Kommentare Kommentar: Bleiben Sie auf dem Teppich, Herr Konken!

Der oberste Journalistenfunktionär in Deutschland, Michael Konken (54) (er ist Vorsitzender des über 40.000 Mitglieder zählenden DJV Deutscher Journalisten-Verband) hat kräftig zugeschlagen. Nur: es war voll daneben. Er sieht nur noch Propagandisten und Schleichwerber, die die armen Journalisten derart drangsalieren und vernebeln, dass diese ungeprüft PR-Beiträge in Rundfunk und Printmedien übernehmen. Woher weiß er das?

Es scheint unbestritten, dass die PR-Agentur A&B One (dort arbeiten sehr viele Profis, die auch das journalistische Handwerk beherrschen) für das Bundesfamilienministerium in Berlin PR-Beiträge produzierte und den Medien angeboten hat. Diese waren ein Informationsangebot und wurden teils unverändert, teils abgeändert übernommen. Na und? Dies geschieht in Deutschland täglich tausendfach und ist professionelle Kommunikationsarbeit.

Ich halte es für scheinheilig, wenn DJV-Konken die gesamte PR-Branche (anstatt z.B. die knausrigen Verleger) angreift, ohne die Inhalte geprüft zu haben. Er beschimpft ja indirekt seine eigen Zunft (Mitglieder), wenn diese PR-Texte übernehmen. Journalisten wären brotlos, wenn sie keine PR-Meldungen und Informationen erhielten - jedes Rathaus übermittelt solches täglich. Konsequenterweise sollte der DJV dann auch seinen Pressesprecher entlassen, denn der produziert ja auch PR-Beiträge.
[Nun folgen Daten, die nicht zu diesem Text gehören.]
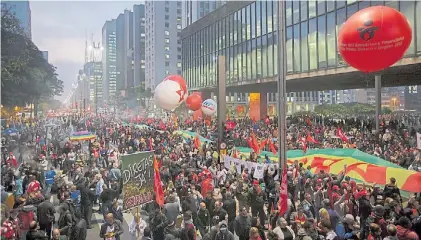  ?? EFE ?? En la calle. El PT, sindicatos y movimiento­s sociales marcharon en San Pablo en apoyo a Lula da Silva.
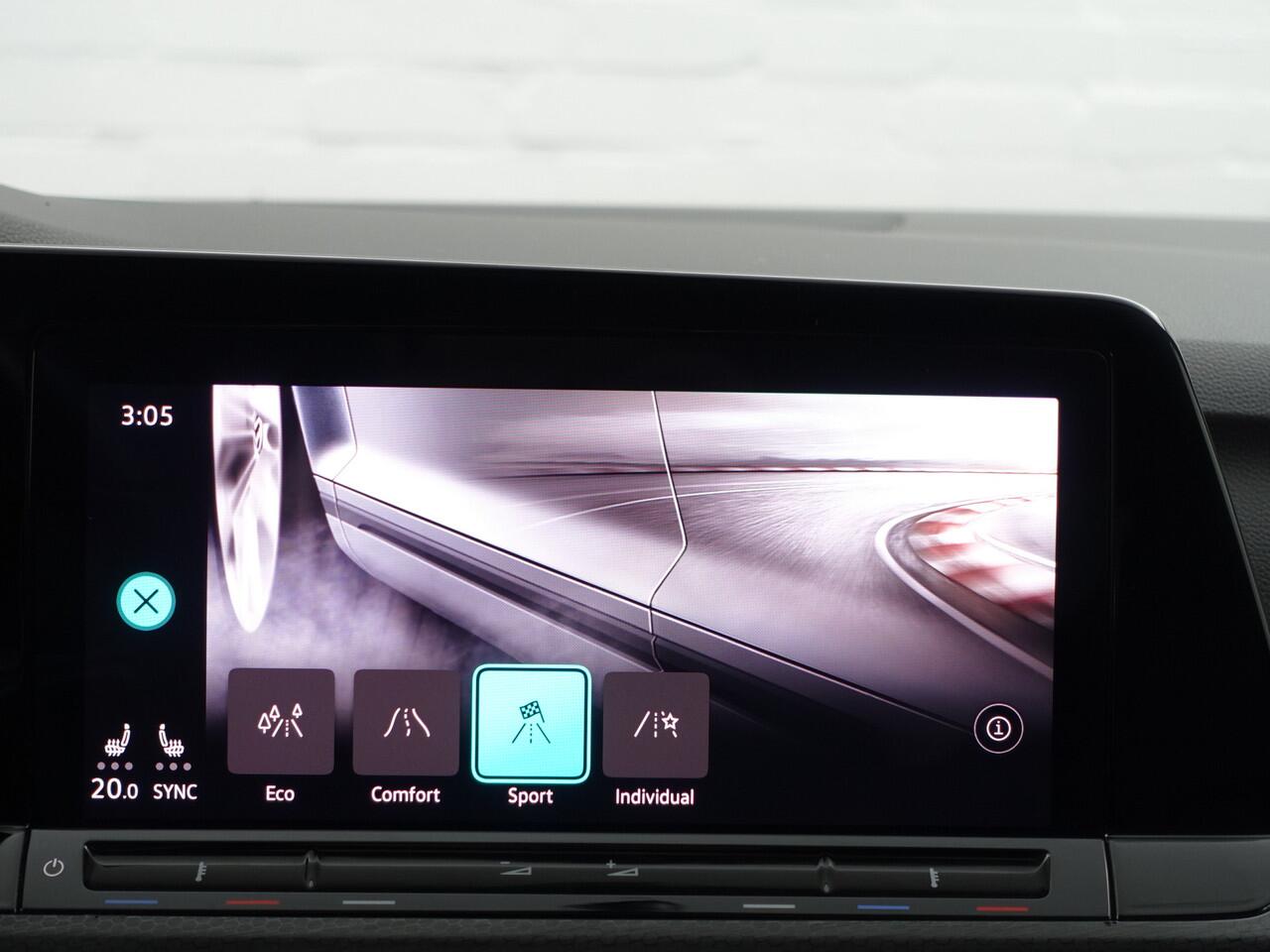 Volkswagen GOLF 2.0 TSI GTI Aut- Panoramadak, Harman Kardon, Sfeerverlichting, Stuur/Stoelverwarming, Park Pilot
Unverantwortlich und geistig verwirrt ist es jedoch von Konken, wenn er die A&B-Arbeit mit der verwerflichen PR-Werbe-Kopplung der Berliner Agentur Flaskamp für das Wirtschaftsministerium in einen Topf wirft. Damit disqualifiziert er sich nicht nur als Verbandschef. Das ist die gleiche unseriöse, weltfremde Tonlage, wie die Forderung/Behauptung des netzwerk recherche-Chefs Thomas Leif: "Journalisten machen keine PR". Warum wollen dann nur so viele ihrer Kollegen (und Kolleginnen) in der PR arbeiten und PR-Texte propagieren?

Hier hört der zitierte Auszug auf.